The club’s name resulted from a stunt some friends pulled on Sunday afternoons after church when they were 16 years old. Dressing up in sophisticated hats, heels, and gloves, they hit the downtown clubs, anxious to dance. “Before long,” recalls Zipper, a member who didn’t want her real name used, “we were sitting pretty and sipping pink ladies”—a frothy gin-and-grenadine cocktail that, according to another club member, Rose Marie Doladee Marinelli, was served to them without the alcohol.
“There was no Rizzo or Frenchy,” says Pink Lady Sandra Pavlik Brigante, referring to a pair of Grease creations—the former a hard-shelled bad girl, the latter an airhead who dreams of being a beautician. Brigante paints a picture at odds with Jacobs’s vision of razor-toting JDs. “We liked to play volleyball, plan which parties and dances we wanted to attend, then hung out at Canale’s Pizza on Higgins,” she says. “We kept it official. Paid club dues and raised money for children’s charities.” And they were chartered as a social athletic club. Otherwise, the Pink Ladies might’ve been considered a gang and harassed by the cops. The main thing, says Zipper, was the dancing.
But Marinelli remembers things differently. Grease‘s depiction is “true to us,” she says. “You had to act tough in a public high school dominated by people who never went to a Catholic elementary school, as we had. You needed friends. It was survival.”
To qualify for membership in a parallel all-male club known as the Goombas— one of several with a claim to being the model for Grease‘s Burger Palace Boys—a kid had to win a fistfight with someone from a different neighborhood. The Goombas would drag race and occasionally scuffle with a rival gang from Park Ridge called the Vanguards. Zipper says they also rumbled down by the rocks at Montrose Beach.
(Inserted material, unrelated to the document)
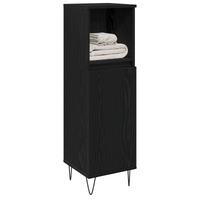 Cabinet da Bagno  Nero Rovere 30x30x100 cm Legno Ingegnerizzato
“We didn’t use guns, but some guys from Steinmetz High School came around one night, stuck a shotgun out a car window, and fired,” recalls Goomba Leo Golda. “They put a hole in one guy’s car radiator, but that was the extent of it.”
Marinelli and Brigante each claim to have originated the Pink Lady varsity jacket, which came with a detachable hood. Marinelli says she did it as a way to assert herself at a school where she had no boyfriend and felt like an outsider. “We said, ‘We don’t need boys to give us jackets. We’ve got our own.'” Brigante asserts that it was she who had the inspiration and got the jackets made, adding that when she picked them up she was surprised to find that the champagne-glass insignas had been embellished with bright red cherries. “I told the shop owner that Pink Ladies don’t have cherries,” she says— although they generally do—then laughs. “Well, we were all virgins anyhow.”
That’s another point on which people differ.
“There was a good portion of sex going on,” says Golda. “In automobiles, in garages, at the drive-in movies.”
“Our motto was ‘be tough, act tough, be a lover boy,'” notes Goomba Rich Bollman, who dropped out of high school to marry his 15-year-old Pink Lady girlfriend.
“Among the girls,” says Pink Lady Phyllis Stratton, “I think I was the only virgin.”